## Records for the task
▼

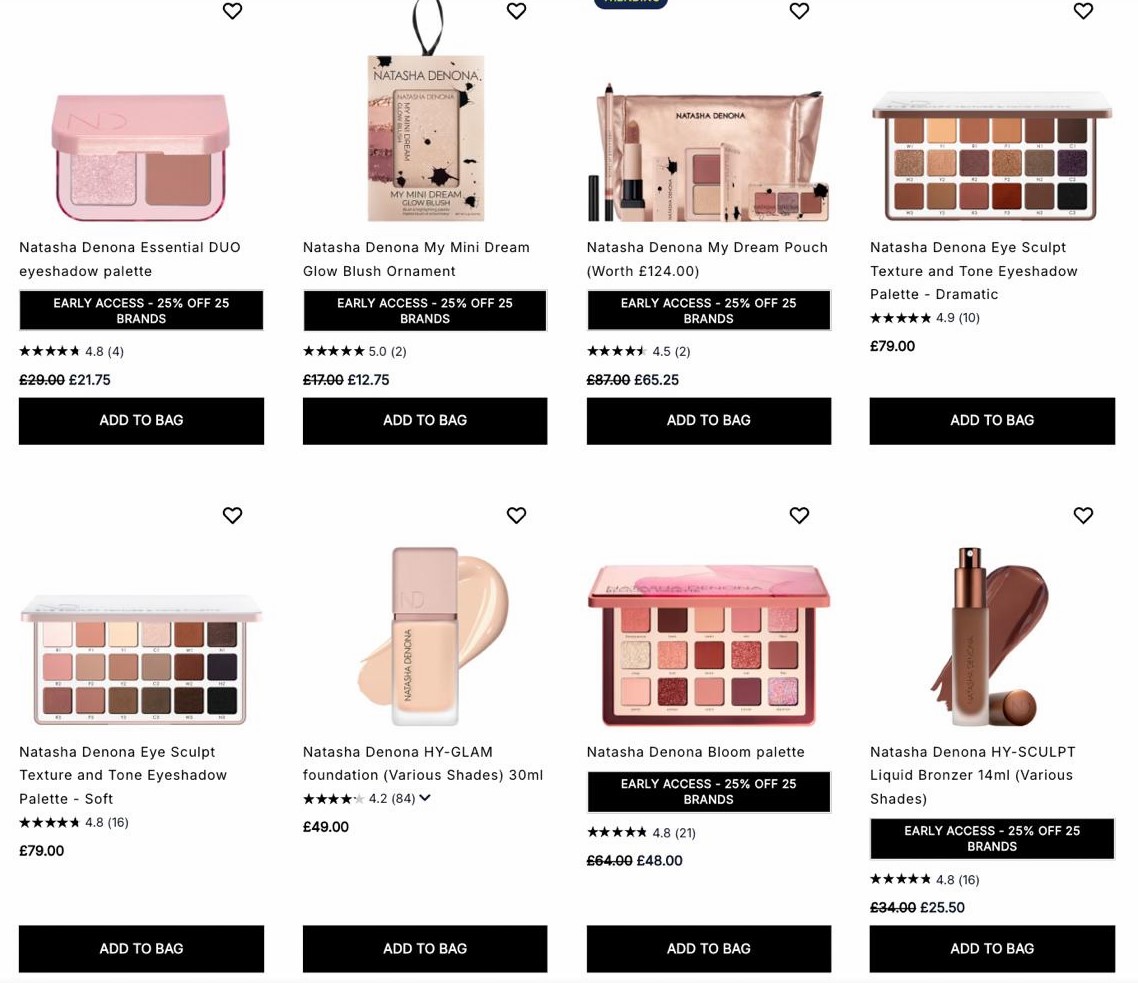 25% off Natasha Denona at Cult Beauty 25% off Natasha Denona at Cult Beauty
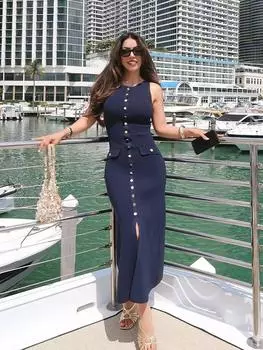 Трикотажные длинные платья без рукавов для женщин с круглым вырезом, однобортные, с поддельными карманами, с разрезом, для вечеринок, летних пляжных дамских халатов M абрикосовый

▲
▼

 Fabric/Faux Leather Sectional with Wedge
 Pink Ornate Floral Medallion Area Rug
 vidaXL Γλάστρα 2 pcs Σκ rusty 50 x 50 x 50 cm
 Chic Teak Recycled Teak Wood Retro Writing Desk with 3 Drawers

▲

## What to produce
Reproduce exactly the lines above starting at the line containing "25% off Natasha Denona at Cult Beauty 25%" and ending at the line containing "Трикотажные длинные платья", including both, but not the pictures.

## Solution to the exercise
 25% off Natasha Denona at Cult Beauty 25% off Natasha Denona at Cult Beauty
 Трикотажные длинные платья без рукавов для женщин с круглым вырезом, однобортные, с поддельными карманами, с разрезом, для вечеринок, летних пляжных дамских халатов M абрикосовый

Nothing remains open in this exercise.